Species of flowering plant

Peperomia curruciformis is a species of epiphyte in the genus Peperomia that is endemic in Peru. It grows on wet tropical biomes. Its conservation status is Threatened.

==Description==
The type specimen were collected near La Merced, Peru, at an altitude of 1400-1700 m.

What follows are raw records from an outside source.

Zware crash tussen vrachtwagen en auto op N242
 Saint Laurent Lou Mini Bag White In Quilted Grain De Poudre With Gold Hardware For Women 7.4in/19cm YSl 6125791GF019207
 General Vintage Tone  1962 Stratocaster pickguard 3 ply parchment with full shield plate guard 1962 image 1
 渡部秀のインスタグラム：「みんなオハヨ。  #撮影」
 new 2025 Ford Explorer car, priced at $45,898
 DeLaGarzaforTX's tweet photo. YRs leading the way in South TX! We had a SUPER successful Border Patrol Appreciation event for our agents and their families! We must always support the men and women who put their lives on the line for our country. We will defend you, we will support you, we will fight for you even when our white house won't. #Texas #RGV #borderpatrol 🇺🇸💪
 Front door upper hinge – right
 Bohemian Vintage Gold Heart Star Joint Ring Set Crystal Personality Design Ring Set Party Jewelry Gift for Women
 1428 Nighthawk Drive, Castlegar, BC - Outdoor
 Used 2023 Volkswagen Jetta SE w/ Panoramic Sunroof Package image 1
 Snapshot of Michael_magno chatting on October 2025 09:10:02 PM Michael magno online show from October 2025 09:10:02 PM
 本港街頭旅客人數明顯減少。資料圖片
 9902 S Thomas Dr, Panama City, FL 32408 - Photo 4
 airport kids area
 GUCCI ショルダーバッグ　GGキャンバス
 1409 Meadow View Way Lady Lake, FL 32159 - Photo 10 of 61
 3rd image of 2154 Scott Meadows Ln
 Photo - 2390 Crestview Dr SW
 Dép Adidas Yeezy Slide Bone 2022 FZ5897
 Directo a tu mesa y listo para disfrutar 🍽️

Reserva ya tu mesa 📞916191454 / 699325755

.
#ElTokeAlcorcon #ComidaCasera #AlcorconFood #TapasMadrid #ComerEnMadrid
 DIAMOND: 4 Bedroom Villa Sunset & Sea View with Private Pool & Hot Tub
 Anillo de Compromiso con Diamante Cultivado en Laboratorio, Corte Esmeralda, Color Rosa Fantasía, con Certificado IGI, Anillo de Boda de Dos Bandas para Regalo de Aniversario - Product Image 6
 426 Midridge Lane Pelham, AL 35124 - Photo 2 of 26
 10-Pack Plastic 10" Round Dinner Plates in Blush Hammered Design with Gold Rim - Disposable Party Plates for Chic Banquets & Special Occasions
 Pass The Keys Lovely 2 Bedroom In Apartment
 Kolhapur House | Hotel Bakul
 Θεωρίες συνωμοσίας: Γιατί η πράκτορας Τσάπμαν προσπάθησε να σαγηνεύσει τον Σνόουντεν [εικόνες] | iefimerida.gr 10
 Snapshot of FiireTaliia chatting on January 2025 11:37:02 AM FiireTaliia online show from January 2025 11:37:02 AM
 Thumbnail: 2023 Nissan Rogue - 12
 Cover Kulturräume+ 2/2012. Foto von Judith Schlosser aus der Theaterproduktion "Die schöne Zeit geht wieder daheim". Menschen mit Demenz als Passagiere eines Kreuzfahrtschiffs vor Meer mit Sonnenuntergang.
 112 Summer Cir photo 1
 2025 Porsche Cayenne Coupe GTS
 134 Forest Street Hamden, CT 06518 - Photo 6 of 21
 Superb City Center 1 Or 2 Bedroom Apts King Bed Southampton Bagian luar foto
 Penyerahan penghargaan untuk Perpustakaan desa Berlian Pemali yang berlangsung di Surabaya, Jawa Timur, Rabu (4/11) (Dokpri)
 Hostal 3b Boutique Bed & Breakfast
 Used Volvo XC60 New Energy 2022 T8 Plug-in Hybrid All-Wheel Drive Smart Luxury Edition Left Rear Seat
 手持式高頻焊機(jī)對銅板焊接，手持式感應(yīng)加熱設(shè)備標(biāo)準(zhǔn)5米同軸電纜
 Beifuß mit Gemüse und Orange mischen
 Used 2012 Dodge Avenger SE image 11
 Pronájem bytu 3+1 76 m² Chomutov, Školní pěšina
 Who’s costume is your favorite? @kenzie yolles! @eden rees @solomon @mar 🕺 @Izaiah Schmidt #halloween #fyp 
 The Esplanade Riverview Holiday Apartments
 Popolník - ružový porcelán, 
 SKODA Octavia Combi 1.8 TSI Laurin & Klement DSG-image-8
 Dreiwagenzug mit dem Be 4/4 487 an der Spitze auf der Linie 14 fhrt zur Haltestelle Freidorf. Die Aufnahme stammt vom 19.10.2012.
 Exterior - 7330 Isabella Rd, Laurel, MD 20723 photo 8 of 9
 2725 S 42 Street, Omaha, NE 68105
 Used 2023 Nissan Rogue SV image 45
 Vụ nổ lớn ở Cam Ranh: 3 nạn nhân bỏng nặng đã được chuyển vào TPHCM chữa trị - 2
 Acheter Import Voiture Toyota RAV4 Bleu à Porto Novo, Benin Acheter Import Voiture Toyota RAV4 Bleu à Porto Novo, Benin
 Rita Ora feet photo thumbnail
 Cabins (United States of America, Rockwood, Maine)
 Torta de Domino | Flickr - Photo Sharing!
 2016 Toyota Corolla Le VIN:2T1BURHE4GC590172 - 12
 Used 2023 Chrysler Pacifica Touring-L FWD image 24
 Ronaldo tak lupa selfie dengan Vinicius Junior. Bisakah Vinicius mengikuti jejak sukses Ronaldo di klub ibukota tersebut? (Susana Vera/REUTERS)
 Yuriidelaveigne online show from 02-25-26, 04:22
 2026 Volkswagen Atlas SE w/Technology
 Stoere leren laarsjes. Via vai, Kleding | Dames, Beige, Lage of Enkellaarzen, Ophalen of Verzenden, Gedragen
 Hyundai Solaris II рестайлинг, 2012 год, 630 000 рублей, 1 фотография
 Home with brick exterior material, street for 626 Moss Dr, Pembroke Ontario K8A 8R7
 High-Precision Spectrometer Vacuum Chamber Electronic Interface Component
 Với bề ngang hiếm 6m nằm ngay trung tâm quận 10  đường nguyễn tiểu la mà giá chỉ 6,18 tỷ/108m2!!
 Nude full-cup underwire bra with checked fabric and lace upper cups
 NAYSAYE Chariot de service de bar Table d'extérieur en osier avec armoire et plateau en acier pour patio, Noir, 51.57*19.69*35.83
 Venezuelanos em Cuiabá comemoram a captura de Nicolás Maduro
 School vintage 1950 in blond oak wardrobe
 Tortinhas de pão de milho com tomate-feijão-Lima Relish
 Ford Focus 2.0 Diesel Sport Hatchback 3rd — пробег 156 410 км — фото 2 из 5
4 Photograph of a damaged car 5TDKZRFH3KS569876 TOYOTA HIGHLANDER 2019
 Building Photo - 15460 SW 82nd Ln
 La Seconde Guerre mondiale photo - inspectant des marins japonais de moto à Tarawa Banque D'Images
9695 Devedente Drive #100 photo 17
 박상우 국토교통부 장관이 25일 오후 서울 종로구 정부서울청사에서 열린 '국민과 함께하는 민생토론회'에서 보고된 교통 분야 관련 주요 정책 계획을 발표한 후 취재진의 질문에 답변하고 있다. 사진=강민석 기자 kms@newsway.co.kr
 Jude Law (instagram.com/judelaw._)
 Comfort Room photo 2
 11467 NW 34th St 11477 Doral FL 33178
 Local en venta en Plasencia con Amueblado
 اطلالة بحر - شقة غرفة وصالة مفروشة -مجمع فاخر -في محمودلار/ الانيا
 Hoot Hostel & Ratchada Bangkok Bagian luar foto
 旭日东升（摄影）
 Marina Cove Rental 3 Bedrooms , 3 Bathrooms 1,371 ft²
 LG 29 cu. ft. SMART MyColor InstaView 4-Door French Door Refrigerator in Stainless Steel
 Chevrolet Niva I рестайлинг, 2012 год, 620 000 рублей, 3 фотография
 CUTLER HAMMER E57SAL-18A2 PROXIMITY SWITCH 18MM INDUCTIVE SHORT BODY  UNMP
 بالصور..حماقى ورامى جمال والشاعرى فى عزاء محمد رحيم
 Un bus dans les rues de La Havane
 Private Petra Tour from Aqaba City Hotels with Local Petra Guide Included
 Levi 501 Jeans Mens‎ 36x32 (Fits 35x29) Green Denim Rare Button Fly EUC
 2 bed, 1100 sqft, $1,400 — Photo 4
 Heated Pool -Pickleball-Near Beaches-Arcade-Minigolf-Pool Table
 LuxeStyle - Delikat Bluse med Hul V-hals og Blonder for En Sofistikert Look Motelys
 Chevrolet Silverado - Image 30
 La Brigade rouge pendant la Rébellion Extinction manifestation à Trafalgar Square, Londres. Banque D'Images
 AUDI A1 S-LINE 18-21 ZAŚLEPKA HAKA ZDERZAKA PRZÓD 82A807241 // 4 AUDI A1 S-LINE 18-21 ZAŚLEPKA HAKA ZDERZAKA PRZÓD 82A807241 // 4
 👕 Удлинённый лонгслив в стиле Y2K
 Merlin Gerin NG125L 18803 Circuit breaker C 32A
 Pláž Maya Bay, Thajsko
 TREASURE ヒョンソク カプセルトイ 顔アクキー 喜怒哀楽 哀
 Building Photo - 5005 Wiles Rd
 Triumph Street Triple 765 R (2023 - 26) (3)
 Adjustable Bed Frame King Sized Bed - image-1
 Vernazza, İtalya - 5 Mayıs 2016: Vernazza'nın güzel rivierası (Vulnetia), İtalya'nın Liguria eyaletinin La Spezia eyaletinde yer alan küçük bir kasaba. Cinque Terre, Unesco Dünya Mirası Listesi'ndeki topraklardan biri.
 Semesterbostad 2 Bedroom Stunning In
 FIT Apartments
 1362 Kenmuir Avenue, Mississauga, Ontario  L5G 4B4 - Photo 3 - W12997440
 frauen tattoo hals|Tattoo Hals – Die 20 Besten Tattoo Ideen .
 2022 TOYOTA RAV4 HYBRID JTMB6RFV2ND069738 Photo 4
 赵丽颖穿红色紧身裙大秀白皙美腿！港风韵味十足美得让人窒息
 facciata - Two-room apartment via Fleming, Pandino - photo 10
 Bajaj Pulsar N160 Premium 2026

Peperomia curruciformis is a terrestrial, creeping, glabrous herb. The leaves are broadly ovate to deltoid-ovate, obtuse, with a truncate-cordate base, measuring 5–6 cm long and 4–6 cm wide. They are 7-nerved, with the inner lateral nerves confluent with the midrib. When dry, they are opaque, olive-green, and granular in texture. The petiole is 2–3 cm long. The spikes are borne in pairs at the apex of a 4 cm long, divergent sympodial stem, curving upward. They are 60–70 mm long and 3 mm thick, with a peduncle 15–20 mm long. The berries are ellipsoid and beaked, with the stigma inserted at the base of the beak.

==Taxonomy and naming==
It was described in 1936 by William Trelease in Publications of the Field Museum of Natural History, Botanical Series 13, from specimens collected by Ellsworth Paine Killip and Dorothea Eliza Smith.

==Distribution and habitat==
It is endemic in Peru. It grows on a epiphyte environment and is a herb. It grows on wet tropical biomes.

==Conservation==
This species is assessed as Threatened, in a preliminary report.